(Beginning of The data)

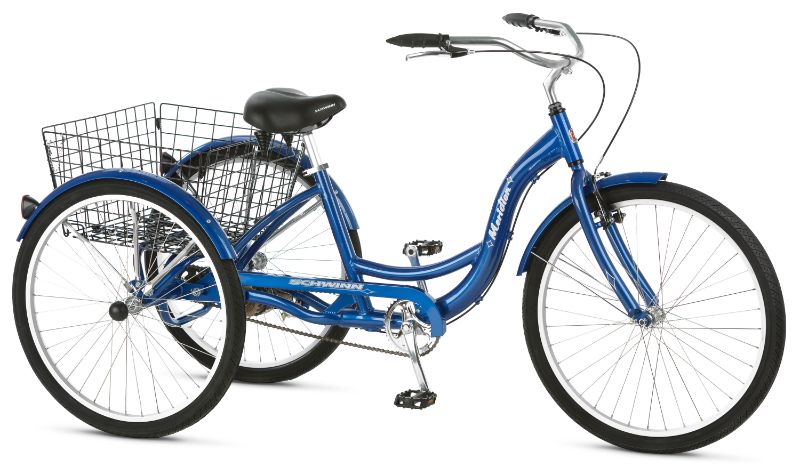 Photo 1 of **used-minor scratch**
Schwinn Meridian Adult Tricycle, 26-inch Wheels, Rear Storage Basket, Blue
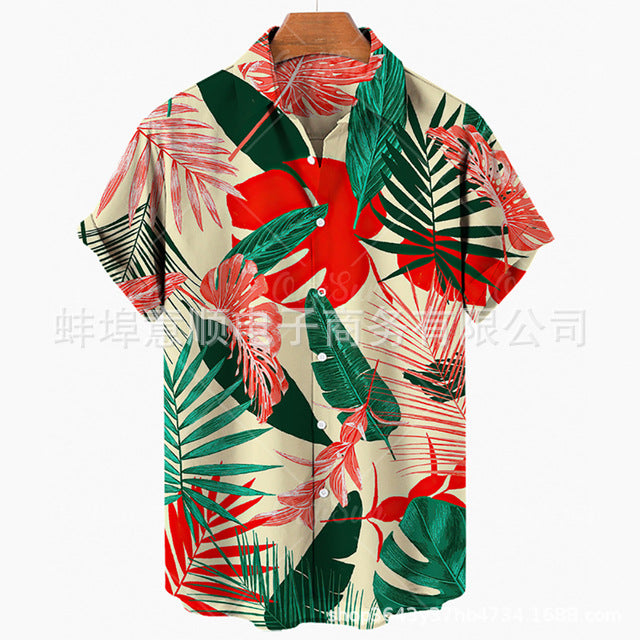 Men's Casual Slim Fashion 3D Printing Short-sleeved Shirt Men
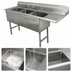 Thumbnail image #3 for Advance Tabco 3-Compartment Sink with Right Drainboard, 18 x 24 x 14 Inch Bowls, 16 Gauge 304 Stainless Steel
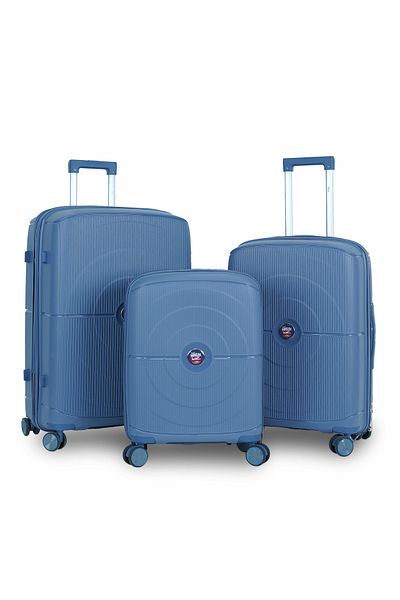 Mnuk PREMIO Set of 3 Luggage with Anti-Theft Zipper, TSA Lock, PP Material| Size 28/24/20- Blue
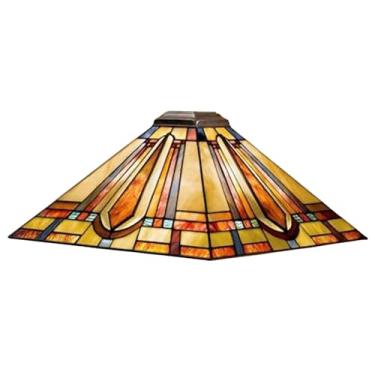 Imagem de errzom Abajur Tiffany De 16" Largura, Acessórios Reposição, Apenas Âmbar Marrom, Estilo Missão, Vitral Quadrado, Vintage, Feito À Mão, Capa Luz Para Mesa, Pendente Chão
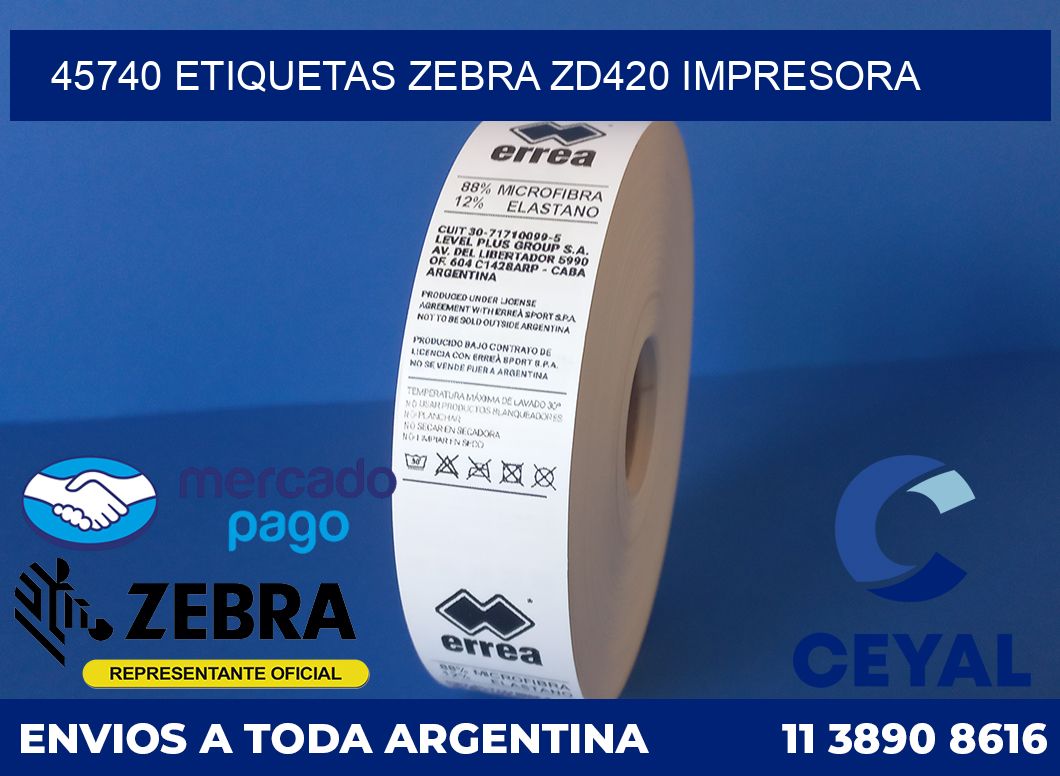 45740 etiquetas Zebra zd420 impresora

(End of The data)

*Task to complete:* Reproduce the data above exactly, leaving out any picture in it.

*Exercise result:*
 Photo 1 of **used-minor scratch**
Schwinn Meridian Adult Tricycle, 26-inch Wheels, Rear Storage Basket, Blue
 Men's Casual Slim Fashion 3D Printing Short-sleeved Shirt Men
 Thumbnail image #3 for Advance Tabco 3-Compartment Sink with Right Drainboard, 18 x 24 x 14 Inch Bowls, 16 Gauge 304 Stainless Steel
 Mnuk PREMIO Set of 3 Luggage with Anti-Theft Zipper, TSA Lock, PP Material| Size 28/24/20- Blue
 Imagem de errzom Abajur Tiffany De 16" Largura, Acessórios Reposição, Apenas Âmbar Marrom, Estilo Missão, Vitral Quadrado, Vintage, Feito À Mão, Capa Luz Para Mesa, Pendente Chão
 45740 etiquetas Zebra zd420 impresora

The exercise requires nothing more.